### PROMPT
Output the data below exactly, without images.
SUPPLIED INFORMATION Start Marker
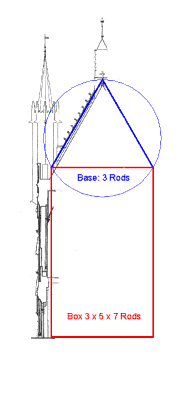 Figure 15b for Vandevyvere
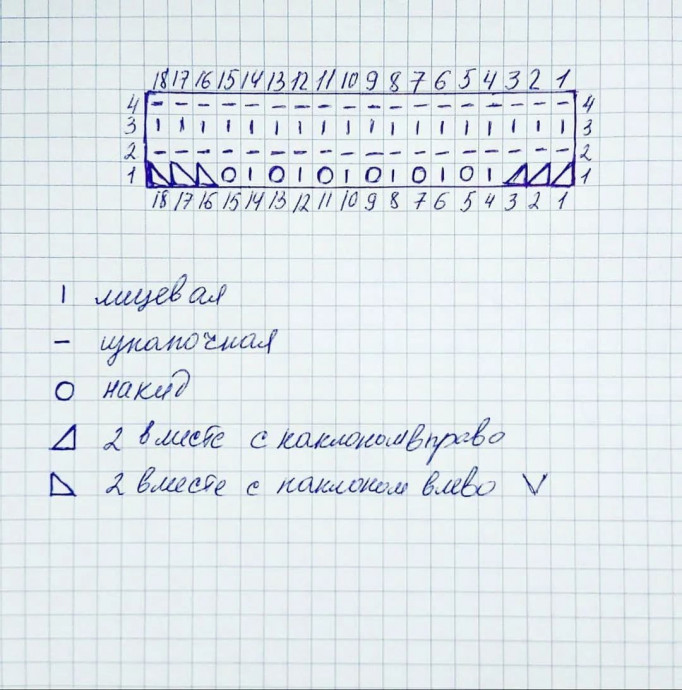 Вязаное платье для девочки1-2 лет Вязаное платье для девочки1-2 лет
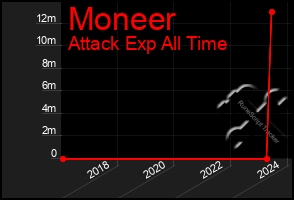 Total Graph of Moneer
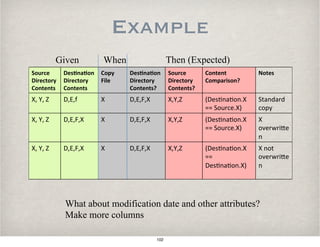 Example
Source'
Directory'
Contents'
Des/na/on'
Directory'
Contents'
Copy'
File''
Des/na/on'
Directory''
Contents?'
Source'
Directory'
Contents?'
Content'
Comparison?'
Notes'
X,#Y,#Z# D,E,f# X# D,E,F,X# X,Y,Z# (Des-na-on.X#
==#Source.X)#
Standard#
copy##
X,#Y,#Z# D,E,F,X# X# D,E,F,X# X,Y,Z# (Des-na-on.X#
==#Source.X)#
X#
overwri?e
n#
X,#Y,#Z# D,E,F,X# X# D,E,F,X# X,Y,Z# (Des-na-on.X#
==#
Des-na-on.X)#
#
X#not#
overwri?e
n#
What about modification date and other attributes?
Make more columns
Given When Then (Expected)
102
 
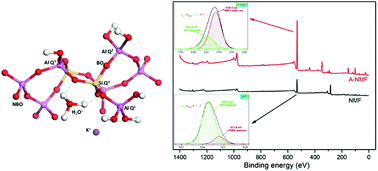 Graphical abstract: Sustainable development of a surface-functionalized mesoporous aluminosilicate with ultra-high ion exchange efficiency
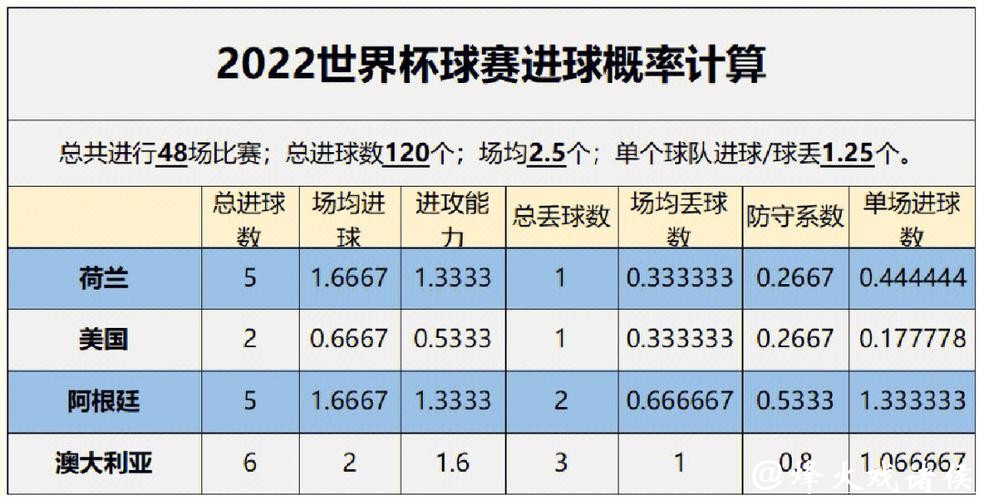 基于数据的世界杯比赛预测研究 基于数据的世界杯比赛预测研究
SUPPLIED INFORMATION End Marker
### RESPONSE
 Figure 15b for Vandevyvere
 Вязаное платье для девочки1-2 лет Вязаное платье для девочки1-2 лет
 Total Graph of Moneer
 Example
Source'
Directory'
Contents'
Des/na/on'
Directory'
Contents'
Copy'
File''
Des/na/on'
Directory''
Contents?'
Source'
Directory'
Contents?'
Content'
Comparison?'
Notes'
X,#Y,#Z# D,E,f# X# D,E,F,X# X,Y,Z# (Des-na-on.X#
==#Source.X)#
Standard#
copy##
X,#Y,#Z# D,E,F,X# X# D,E,F,X# X,Y,Z# (Des-na-on.X#
==#Source.X)#
X#
overwri?e
n#
X,#Y,#Z# D,E,F,X# X# D,E,F,X# X,Y,Z# (Des-na-on.X#
==#
Des-na-on.X)#
#
X#not#
overwri?e
n#
What about modification date and other attributes?
Make more columns
Given When Then (Expected)
102
 
 Graphical abstract: Sustainable development of a surface-functionalized mesoporous aluminosilicate with ultra-high ion exchange efficiency
 基于数据的世界杯比赛预测研究 基于数据的世界杯比赛预测研究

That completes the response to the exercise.